Deze samenvatting biedt een helder, uitgebreid overzicht van alle stof die je voor scheikunde geleerd hebt van VWO 4 t/m VWO 6 (mits je de NOVA boeken hebt gehad). Het was de stof die ik moest weten voor mijn SE's en CE's, en deze heb ik mede dankzij deze samenvatting gehaald. Voorzien van heldere ...
Hoofdstuk 1 Chemisch rekenen
→ elektronenschillen en opbouw
Neutronen zijn verantwoordelijk voor massa, maar hebben geen invloed op chemische
eigenschappen.
→ Isotopen: atomen die hetzelfde aantal protonen in de kern hebben, maar een verschillend
aantal neutronen.
Eigenschappen worden bepaalde door het aantal elektronen in de buitenste schil: valentie-
elektronen.
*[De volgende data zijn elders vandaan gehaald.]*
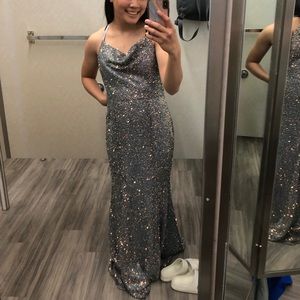 cowl neck sequin prom dress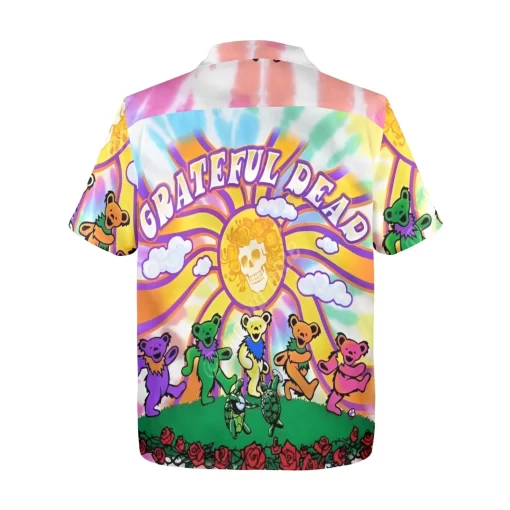 Grateful Dead Dancing Bears Tie-Dye Hawaiian Shirt Back Side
De verdeling over de schillen noemen we de elektronen-configuratie.
→ Edelgasconfiguratie zorgt voor stabiliteit.
Periodiek systeem:
→ Edelgassen: reageren nauwelijks met andere stoffen, zeer stabiel.
→ Halogenen: reageren makkelijk met metalen, nemen elektron op (oxidator)
→ Alkalimetalen: reageren met water en halogenen, staan elektron af (reductor)
Rekenschema:
Een grootheid is iets wat je kunt meten. Deze grootheid wordt uitgedrukt in een eenheid.
Bij een onderzoek moet goed rekening worden gehouden met nauwkeurigheid
(wetenschappelijke notatie) en de gemiddelde meetwaarde die gebaseerd is op alle
telwaarden.
Rekenen met een chemische hoeveelheid maakt dat je de molecuulverhouding bij
chemische reacties direct kan omzetten in de molverhouding. Je kijkt dan naar de
verhoudingen in de reactie. Bij glucose bijv: 1 : 6 : 6 : 6
Stappenplan rekenen aan reacties:
1. geef de reactievergelijking
, 2. reken de gegeven grootheid om naar mol
3. gebruik de molverhouding uit de reactievergelijking
4. reken de hoeveelheid mol om naar de juiste grootheid en eenheid
5. controleer de significantie
Bij een verbrandingsreactie: stof A + stof B → CO en H20
De beginstof die in een reactie als eerste op is, wordt de ondermaat genoemd. Dit bepaalt
ook hoeveel product er max. kan worden gevormd. De beginstof die overblijft, wordt de
overmaat genoemd.
Hoofdstuk 2 Bindingstypen
macro en microniveau.
Metalen hebben op macroniveau een aantal algemene eigenschappen, zoals
geleidbaarheid, die kunnen worden verklaard aan de hand van de microstructuur van het
materiaal.
In een metaalatoom worden de valentie-elektronen minder sterk door de kern aangetrokken.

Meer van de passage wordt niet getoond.